Noodle blocks in that ramen really were deep-fried, not freeze-dried. See the Wikipedia pages on Instant noodles and Ramen.

 

The food cartoon came from OpenClipArt.

 

 

Saturday, May 30, 2026

A pie cartogram is less useful than a pie chart


 

 

 

 

 

 

 

 

 

 

 

 

 

 

 

 

 

 

 

I am not a fan of pie charts. But there is an even less useful one called a pie cartogram, as shown above. For a pie chart each wedge has a cut beginning at the center of the circle and extending to the rim.
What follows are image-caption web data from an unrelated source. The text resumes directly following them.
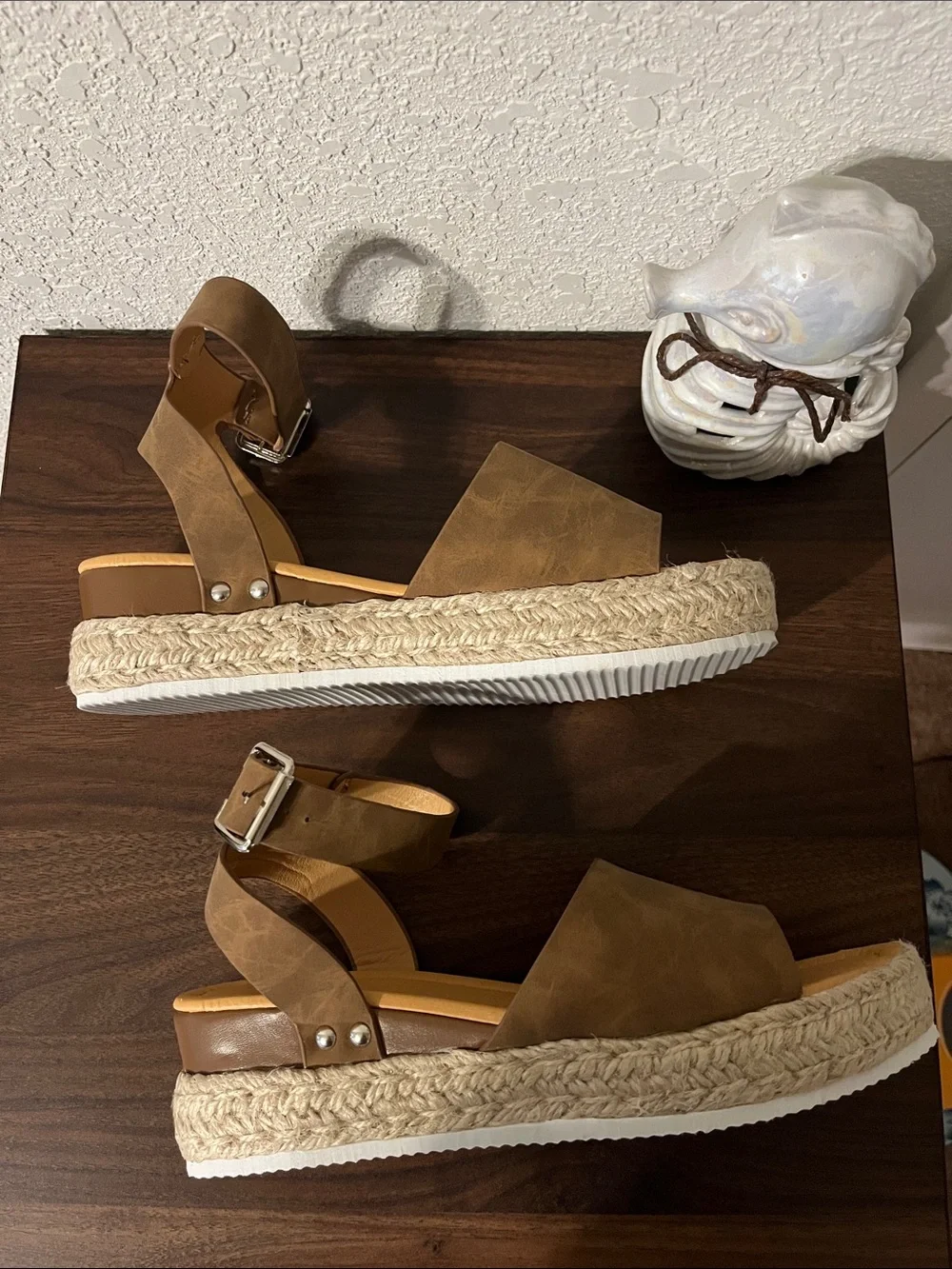 NWOT Women's Tan Ankle-Strap Espadrille Sandals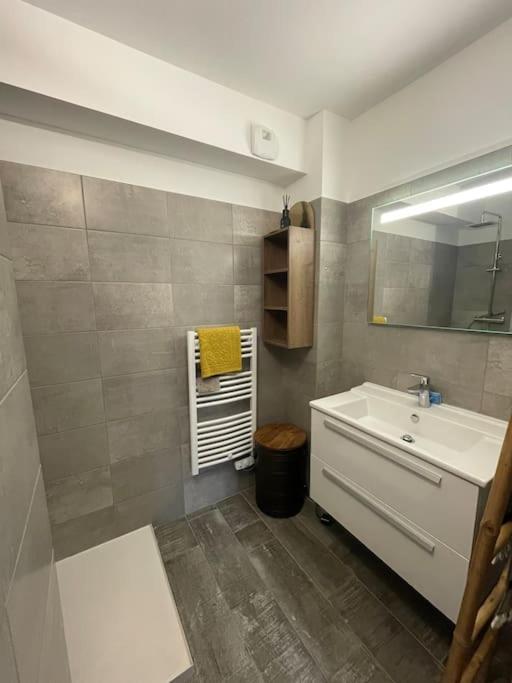 Appartement Calme Proche Bastia Cardo ภายนอก รูปภาพ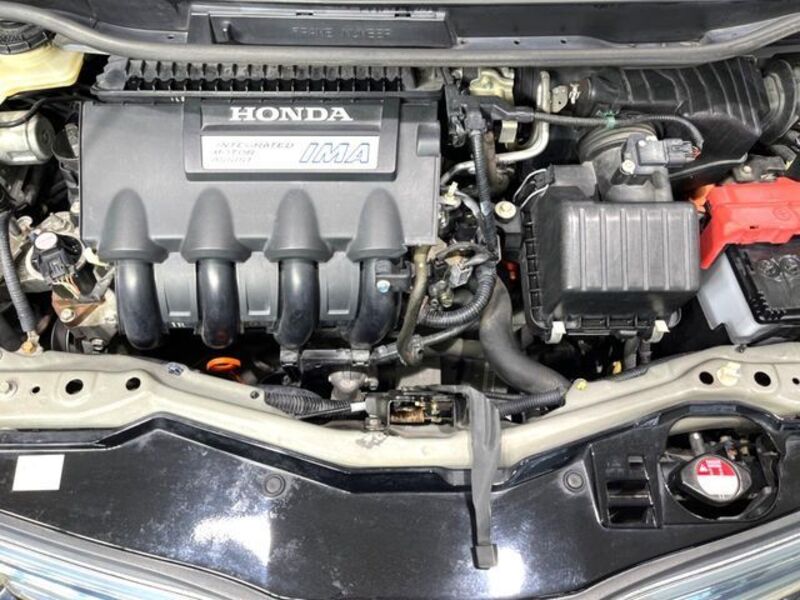 FIT HYBRID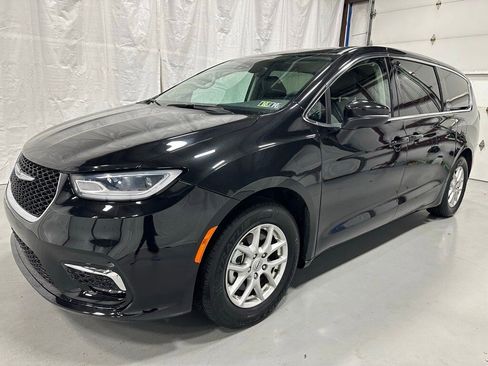 Used 2023 Chrysler Pacifica Touring-L image 3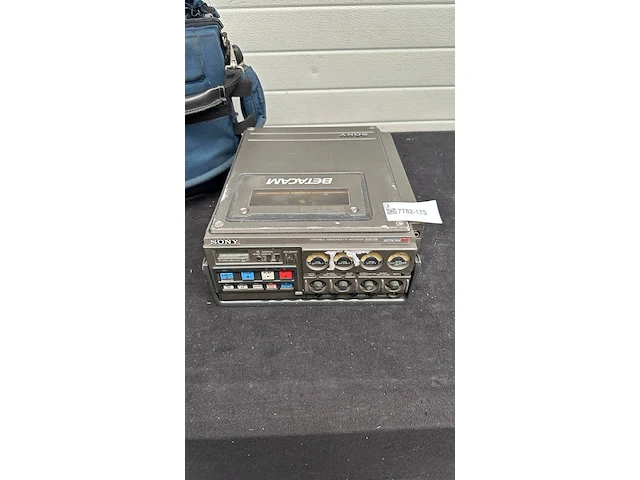 Portable video cassette recorder sony, bvw-35p - afbeelding 2 van  6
The cartogram removes that requirement so comparisons cannot be easily made via angles. All we have is areas.

 

Pie cartograms are described by eric at Stories & Stats on August 18, 2023 in an article titled Pie cartograms. An article at TYWKIWDBI on August 10, 2024 titled How do you slice a pie… chart? has another example.

 

I think that a bar chart, as shown above, is better for comparisons than a pie chart.







Friday, May 29, 2026

An xkcd cartoon shows a hilariously overloaded flag design


 

 

 

 

 

 

 

 

 

 

 

 

 

Randall Munroe’s xkcd comic for May 25, 2026 (which I colorized to yellow) has an awful flag design. Apparently all dozen ideas from the flag design committee were included. The worst is the bottom fringes that remind me of a for sale notice thumbtacked to an office bulletin board. The flag is analyzed at Explain xkcd

 

On May 14, 2016 I blogged about how Looking at flag design will change how you make PowerPoint slides. And on September 23, 2017 I posted about an example - A new, simpler, better flag for the city of Pocatello, Idaho. On June 30, 2020 I blogged about how Mississippi is going to change its state flag.